Zwischen breiten Sandbänken dümpeln Zugvögel träge. Über lang gestreckte Uferzonen schieben sich Nebenbänke. Der geschrumpfte Fluss zeigt viel Bett. Sehr viel. Schuld hat das stabile Hochdruckgebiet ohne Regen.
„Für den Spätherbst ist so ein Niedrigwasser nicht so ungewöhnlich“, stellt Joachim Baab klar. Der Hydrologe beim Wasser- und Schifffahrtsamt Bingen schaut in seine Statistik. „Das ebenfalls trockene Jahr 2005 bot im November das gleiche Bild.“ Auch in den Jahren von 1972 bis 1985 gab es gleich mehrere extrem niedrige Herbst-Werte in kurzer Folge.
„Sie könnten an der flachsten Stelle der Binger Fahrrinne stehen und die Stirn schaut raus.“ Baab erklärt anschaulich die Rechnung aus Pegelstand von derzeit 85 Zentimetern und tatsächlicher Wassertiefe von 1,63 Metern. Normalerweise fließt der Rhein locker 1,20 Meter höher an Bingen vorbei. Letztlich ist für Schiffer aber die flachste Stelle auf ihrer Gesamtroute entscheidend.
„Wir schränken die Schifffahrt nicht ein“, sagt Baab. Der Reeder müsse über die Ladetiefe entscheiden. „Weniger als die Hälfte der Menge können bei diesem Niedrigwasser transportiert werden“, weiß er. Die Reedereien haben reagiert. „Sie kommissionieren um, setzen statt großen Schiffen mit viel Tiefgang mehrere kleine ein.“ Die Folge: Auf dem Rhein herrscht trotz wenig Wasser Hochbetrieb.

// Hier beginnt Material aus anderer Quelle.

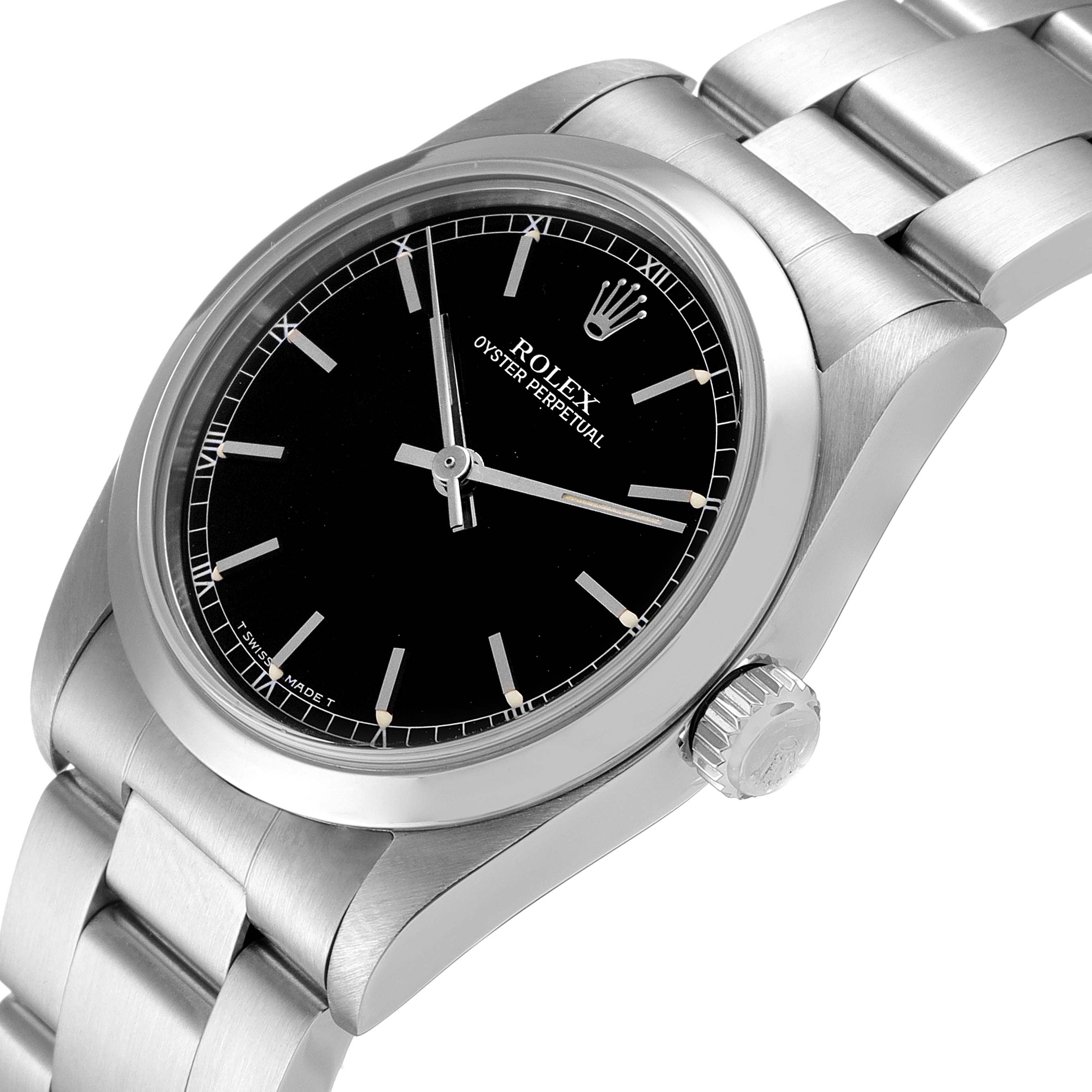The image shows a Mid-Size Rolex Oyster Perpetual watch, focusing on the dial and crown at a slight angle.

Die Bingen-Rüdesheimer Fähr- und Schifffahrtsgesellschaft hat ihre Linienfahrten bereits eingestellt. Nicht als Folge des Wasserstands, sondern routinemäßig zum Saisonende. „An den kleineren Anlegestellen hätten wir derzeit Probleme“, weiß Kurt Hartmann, Geschäftsführer der Gesellschaft.
„Sonderfahrten, die in Mainz, Bingen und St. Goar haltmachen, sie laufen wie gewohnt weiter.“ Auch die Fähre nach Rüdesheim pendelt ohne Einschränkung. „Wegen Niedrigwasser sind wir noch nie in die Knie gegangen“, betont Hartmann. Dank Radar fährt die Autofähre auch bei dichtestem Nebel. Apropos Nebel: „Ich schaue jeden Tag neidisch auf die Kölner Bucht oder die Schwarzwaldhöhen.“ Dem Hydrologen im Schifffahrtsamt verraten die Satelliten-Bilder nämlich nicht nur anrückende Schneewolken und Regen. Auch hartnäckige Nebelschichten legen seine Karten offen. „Seit Wochen haben die Kölner Sonne, wir nur mit viel Glück.“
Der absolute Ausnahmemonat am Rhein war aus seiner Sicht der Mai. 64 Zentimeter Pegelstand, also 1,42 Meter Wassertiefe von der Oberfläche bis zur flachsten Stelle der Fahrrinnensohle, gelten als extrem untypisch für Frühling.
„Herrliches Wetter ohne Wolken und ausgefallene Schneeschmelze. Woher soll da Wasser kommen?“ Aus Sicht des Experten ist der Binger Wasserstand derzeit nur „typisch November“.